Exercise objective: Return the entries below verbatim. Pictures stay out.
#####
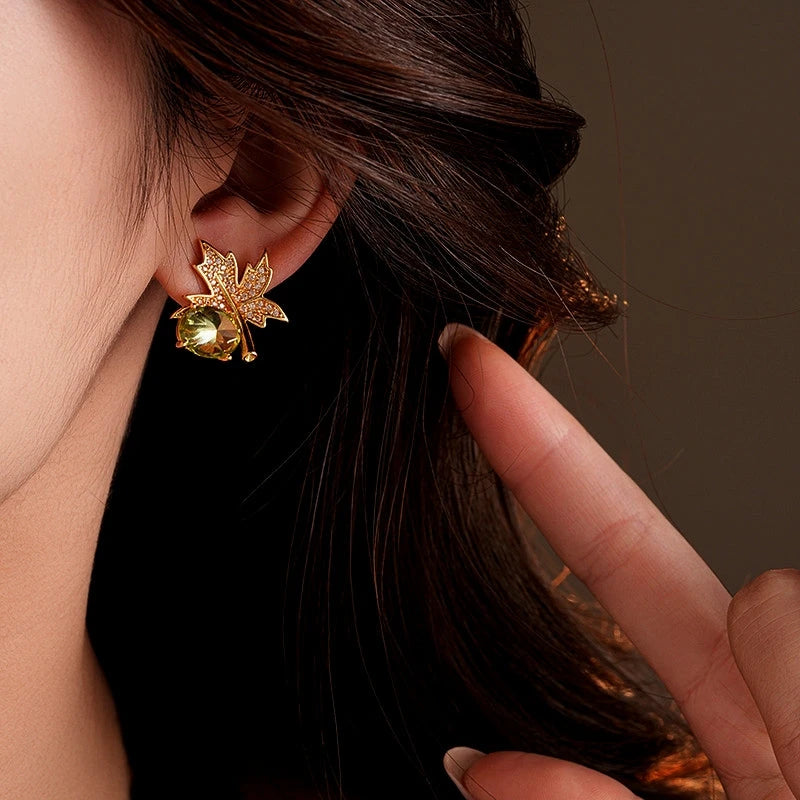 Close-up detail of the sparkling zircons and plating on the gold leaf earrings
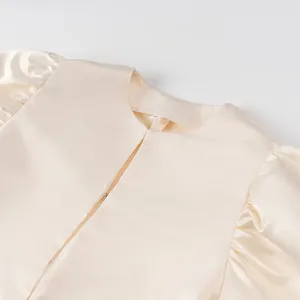 Close-up detail of cream satin top featuring elegant puff sleeves and round neckline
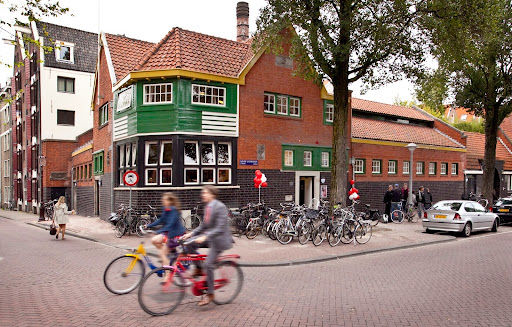 Splendor Amsterdam venue exterior with brick architecture and green shutters on Amsterdam street corner with cyclists.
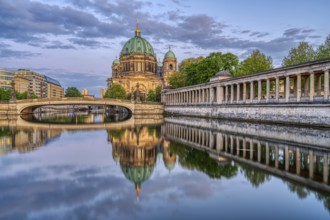 The Berlin Cathedral at dusk with a reflection in the River Spree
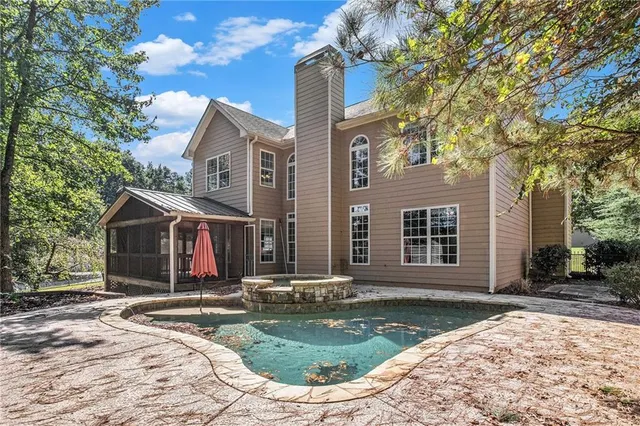 a front view of a house with yard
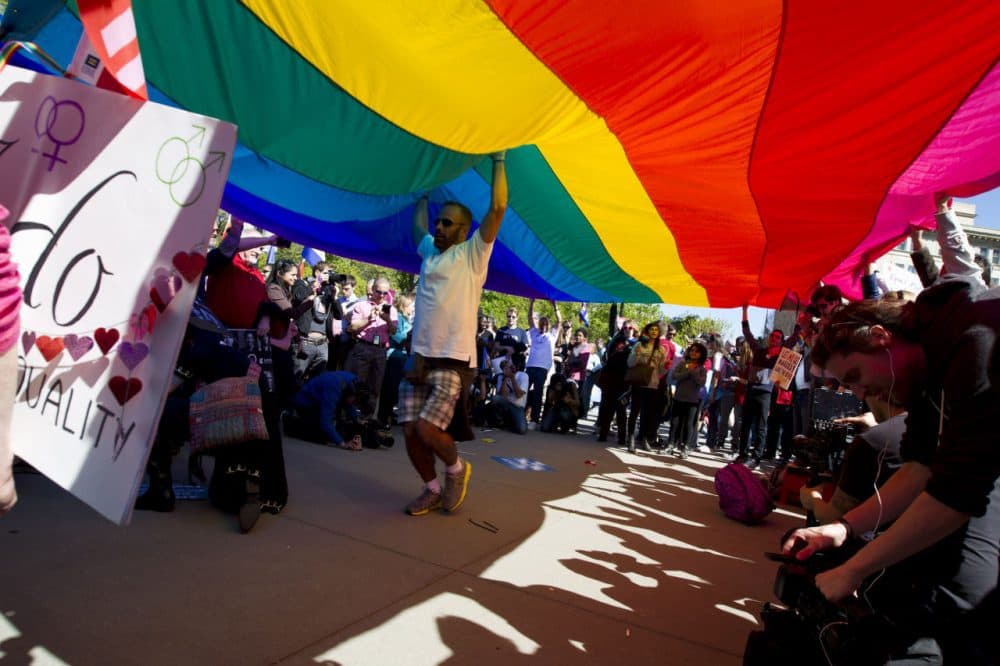 Demonstrators hold up a rainbow flag in front of the U.S. Supreme Court in Washington on Tuesday. (Jose Luis Magana/AP)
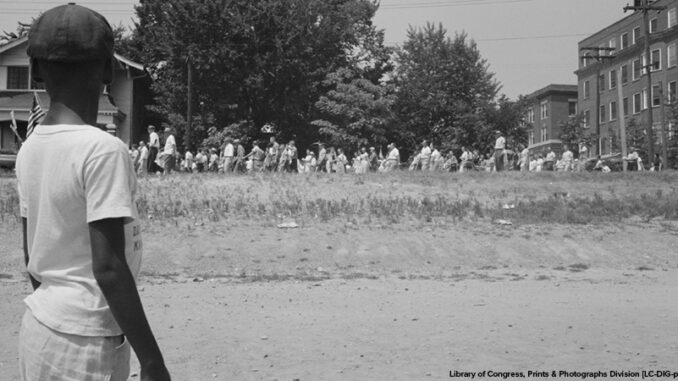 People marching from the Little Rock, Arkansas capitol to Central High School in 1959.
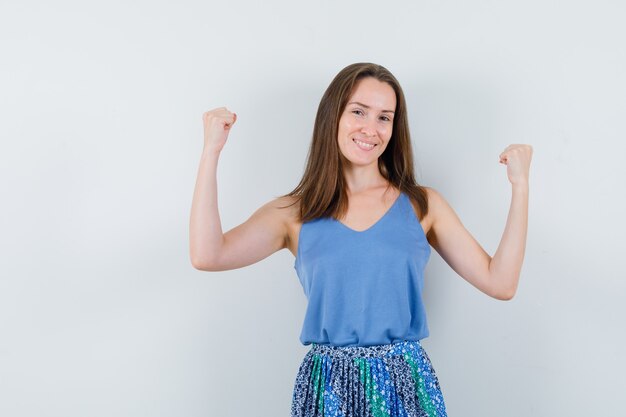 Young lady in singlet, skirt showing winner gesture and looking happy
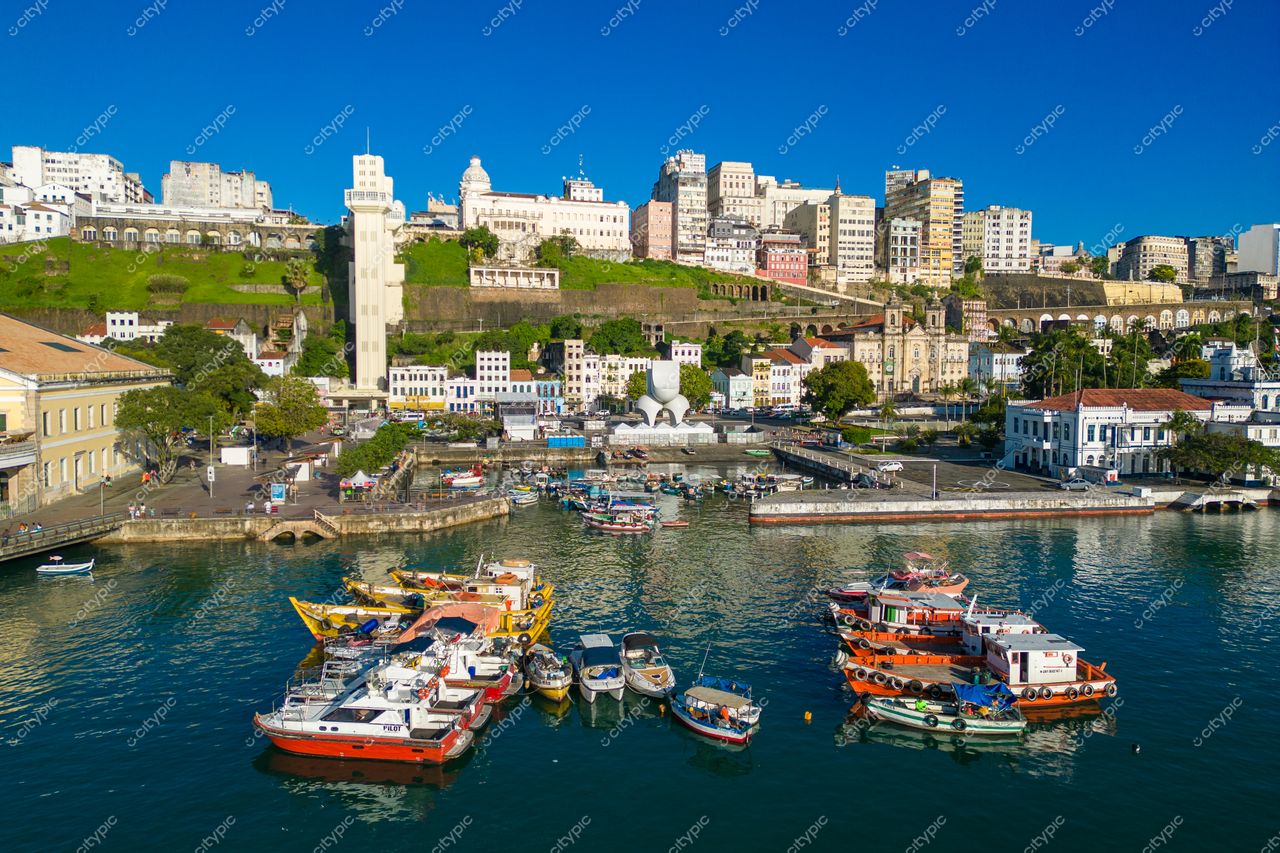 Salvador, Bahia com embarcações coloridas ancoradas em baía tranquila e edifícios históricos sob céu azul claro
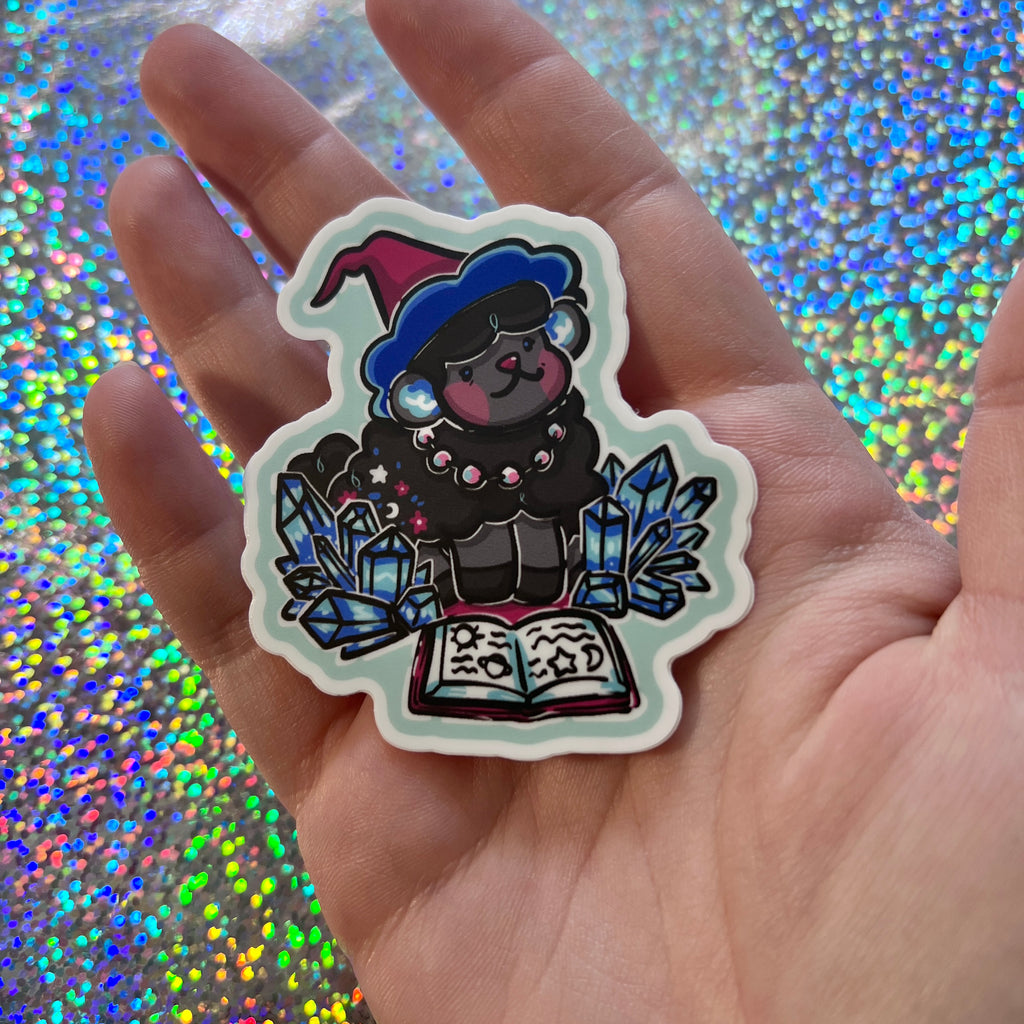 Hand holding a sticker of a sheep with crystals and a book against a glittery background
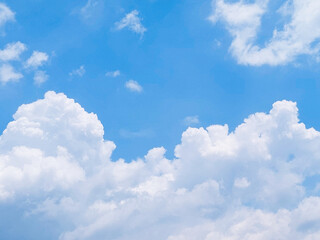 Soft white clouds with a beautiful blue sky in the morning light. Soft white clouds float in the clear blue sky. Clear blue sky, bright spring, soft sky gradient.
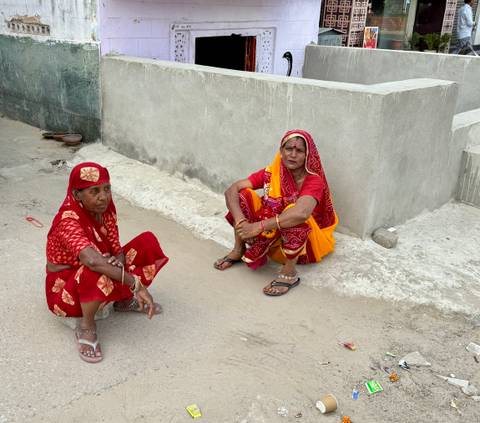 Two local women in bright red saris sit on a roadside against a plain grey wall.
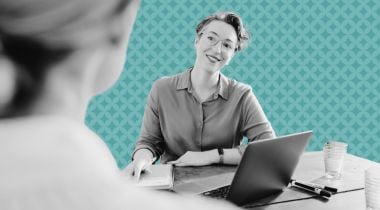 A hiring manager listens to a response from a job applicant.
#####
Your response:
 Close-up detail of the sparkling zircons and plating on the gold leaf earrings
 Close-up detail of cream satin top featuring elegant puff sleeves and round neckline
 Splendor Amsterdam venue exterior with brick architecture and green shutters on Amsterdam street corner with cyclists.
 The Berlin Cathedral at dusk with a reflection in the River Spree
 a front view of a house with yard
 Demonstrators hold up a rainbow flag in front of the U.S. Supreme Court in Washington on Tuesday. (Jose Luis Magana/AP)
 People marching from the Little Rock, Arkansas capitol to Central High School in 1959.
 Young lady in singlet, skirt showing winner gesture and looking happy
 Salvador, Bahia com embarcações coloridas ancoradas em baía tranquila e edifícios históricos sob céu azul claro
 Hand holding a sticker of a sheep with crystals and a book against a glittery background
 Soft white clouds with a beautiful blue sky in the morning light. Soft white clouds float in the clear blue sky. Clear blue sky, bright spring, soft sky gradient.
 Two local women in bright red saris sit on a roadside against a plain grey wall.
 A hiring manager listens to a response from a job applicant.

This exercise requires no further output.